Who Is Zis Man?

I just had the strangest interaction. i got this email on my notre dame account from eduardo corral--hi eduardo, como estás?--that said, i've been reading your live journal entries and i totally feel what you're going through. at first i was like, who? who is this guy? turns out, he's a talented latino poet. . . i did some research, found a rad poem of his about frida kahlo on a web del sol chapbook. he has this one image of the curtains moving like honey in a jar, and i was like, yo, this guy's got it going on. he's a really good writer. so far, so good. but there is where it gets weird: yesterday, i got my rejection letter from colgate, and the painfully generic reject letter said: Our fellowship in creative writing for 2007-2008 has just been awarded to the poet. . . you guessed it. . . eduardo fucking corral. okay, they didn't swear, but i'm gonna. what are the odds? the person who randomly emails me is the same dude who ends up winning the colgate fellowship, and i get BOTH letters on the same fucking day. mathematically, let me just say, that's uncanny.

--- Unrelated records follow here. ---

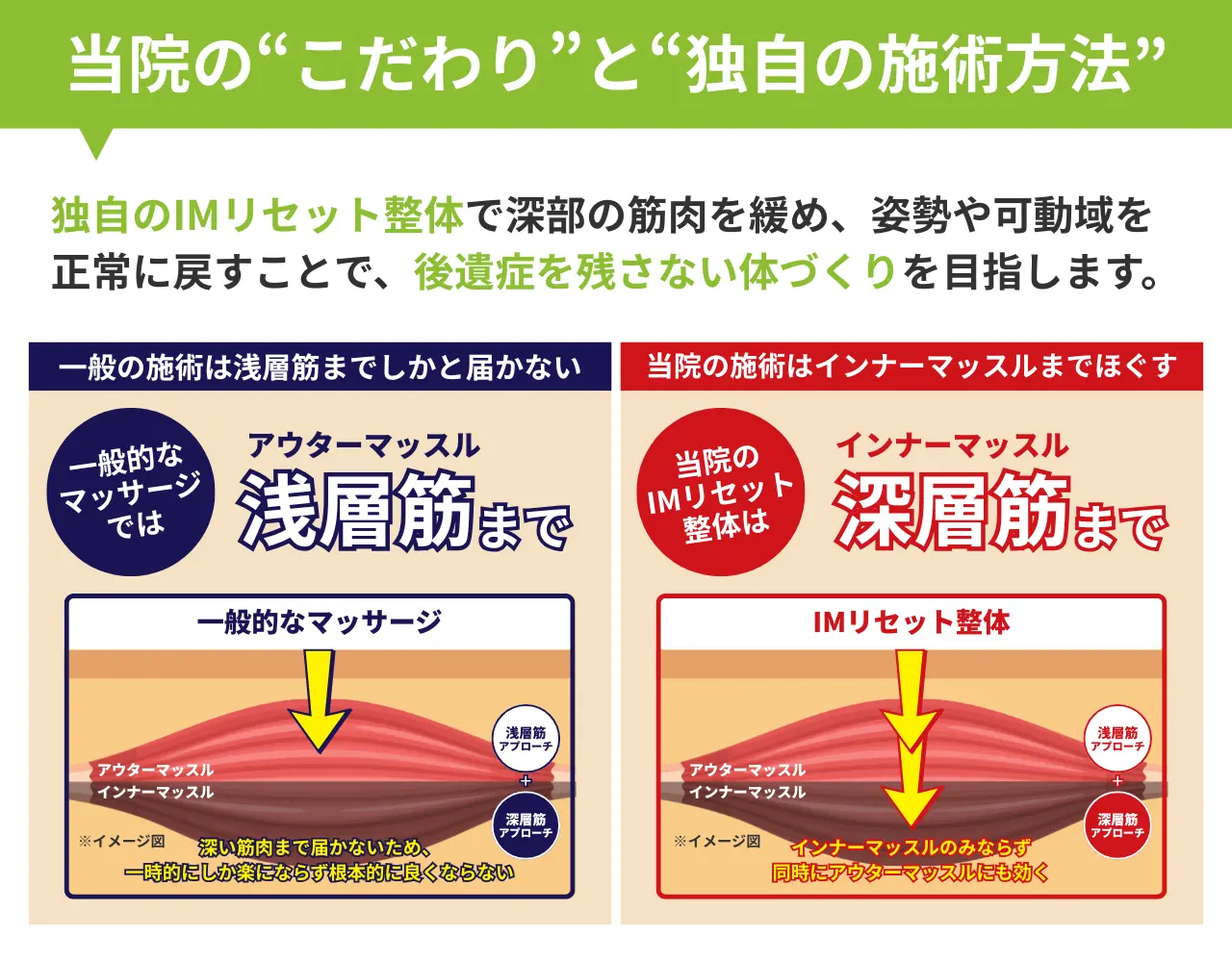 独自のIMリセット整体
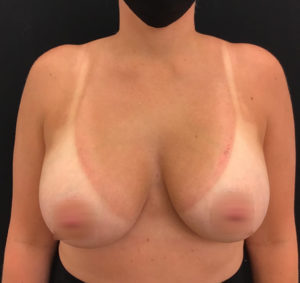 Breast Augmentation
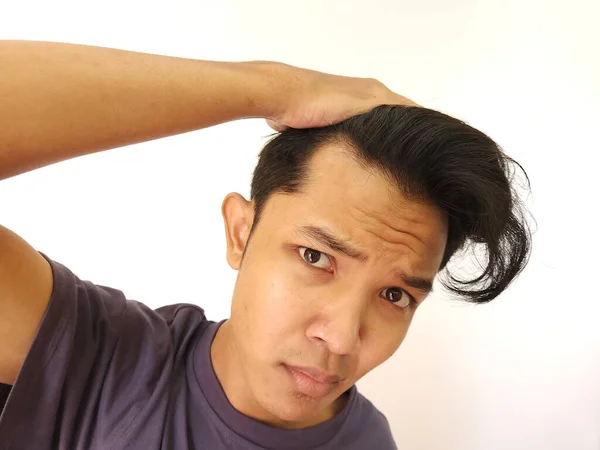 Σοκαρισμένο Πρόσωπο Ενός Ασιάτη Που Καραφλιάζει Και Χάνει Μαλλιά Του — Φωτογραφία Αρχείου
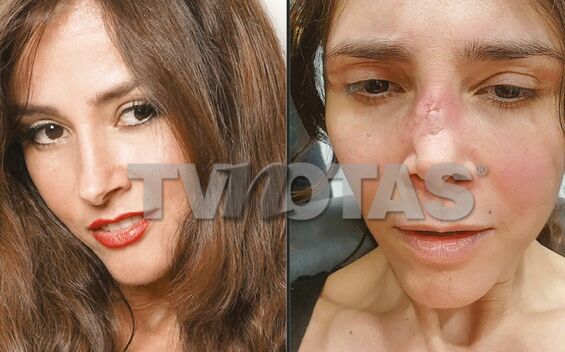 Conductora denuncia haber quedado desfigurada por cirugía estética (TVNotas)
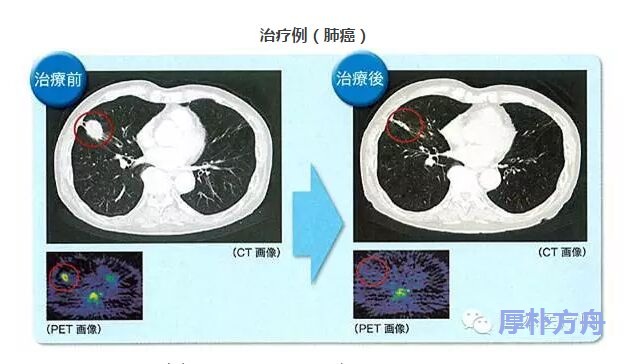 <a href='/japan/'>日本看病</a>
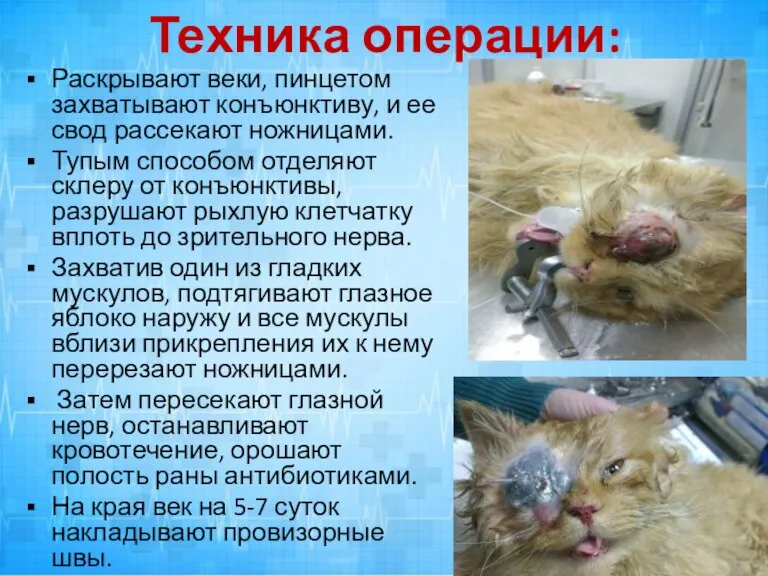 Техника операции: Раскрывают веки, пинцетом захватывают конъюнктиву, и ее свод рассекают ножницами.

And then the hits just keep coming. i decide to do a little counter e-stalking if you will, and learn more about this Eduardo Corral: turns out, he has degrees from iowa and arizona state, he's been published in some decent journals, and he's a talented, emerging latino poet. then, once i find HIS blog, i find out, not only did he win the colgate fellowship, but he also recently received a goddamn YADDO RESIDENCY. basically, this guy is doing almost everything i wanted to do this year, except, maybe, write reviews about judy garland. amazing stuff.

::

I walked to the post office today to send my ninth letter submission to juan, the non fiction editor who's slowly becoming a friend of mine since we met at awp. i revised my lyrical essay and now i hope he likes it enough to take a bite.

As i was about to walk back, it started raining and i kinda loved it. i mean, i just stood there under the awning of the post office, waiting for the rain to stop, held captive by that perfect moment, forced, willingly, to stand there and just count the streaks in the sky. it was like waking up in the desert, forced to count the shades of blue until the sun eats away at the constellations: the mistake was more beautiful than the intention, that's what was so great about it.

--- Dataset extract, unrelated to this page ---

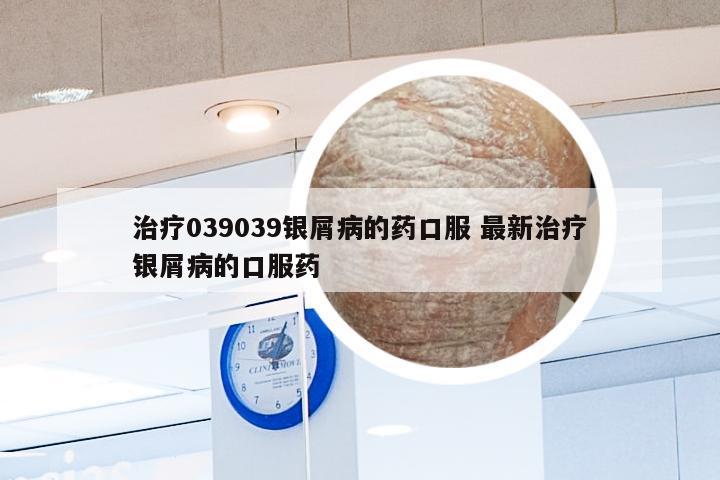 治疗039039银屑病的药口服 最新治疗银屑病的口服药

Post-MFA Crisis Really Begins

Well, my rejection list is almost complete. no's from:

the george bennett fiction fellowship
yaddo corporation
and recently, the colgate creative writing fellowship.

This leaves:

the sparks prize
the JET program
emory university fiction fellowship

at this point, any of those would do. but if not, i'll figure something else out. i'm still kinda keen on chicago or osaka though, personally. on verra. . .

Bummer: No Yaddo Fellowship This Year

Man, i'm kinda depressed right now. i just got my rejection letter from yaddo, and that was one of the fellowships i wanted the most for so many different reasons--the solitude, the beauty of saratoga springs, the productivity, the presitge--and now i have nothing worked out for the summer. it's amazing how one letter can change your status from hopeful and mysterious to despondent and chaotic.

I don't know how, but sometimes i forget how much rejection there is in writing, how on every level of this process--the mfa program, the literary journal, the agent, the publishing house, the fellowship, the grant--rejection is actually the rule, and acceptance, the anomaly. i keep on forgetting. . . i keep getting these outlandidsh hopes, i keep feeding my insatiable dreamlife, and then yaddo rejects me and i realize how quixotic i really am. it's humbling and it hurts. . .

i just knew by the size of the envelope that yaddo had rejected me, so, before i opened the letter, i took a bunch of pictures of myself in my mod squad look when i still felt talented and hopeful. that way, they couldn't take it away.